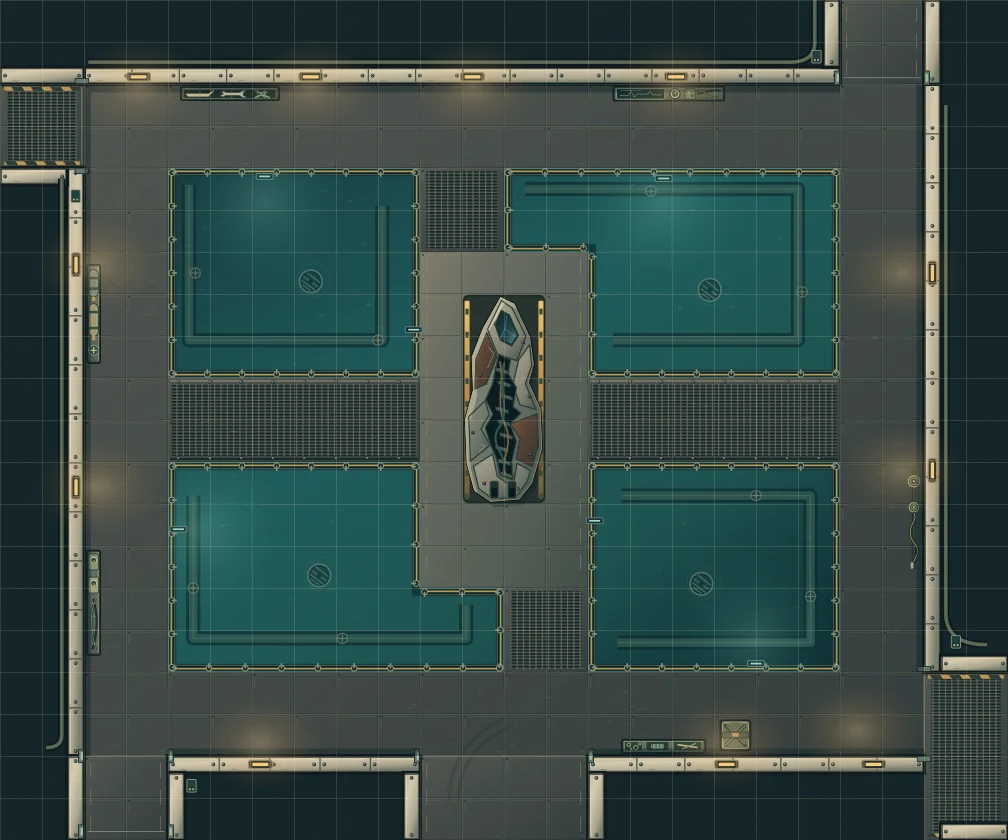Siltline Recovery Bay map, showing a damaged craft, pools and crossing bridges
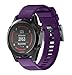 Wearable4U Garmin Fenix 5X 26mm Quick Release Easy Fit Silicone Replacement Watch Band for Garmin Fenix 5X, Quatix 3, Fenix 3 HR, Fenix 3, Tactix Bravo, Foretrex 601, Foretrex 701 (Purple)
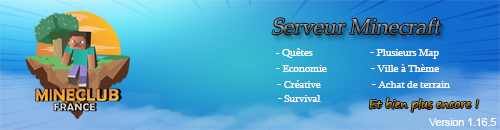 Bannière du serveur Minecraft Mineclub France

What is expected: Reproduce word for word the lines from the line holding "Wearable4U Garmin Fenix" through the last line of the material above, inclusive, and keep pictures out of it.

Solution to the exercise:
 Wearable4U Garmin Fenix 5X 26mm Quick Release Easy Fit Silicone Replacement Watch Band for Garmin Fenix 5X, Quatix 3, Fenix 3 HR, Fenix 3, Tactix Bravo, Foretrex 601, Foretrex 701 (Purple)
 Bannière du serveur Minecraft Mineclub France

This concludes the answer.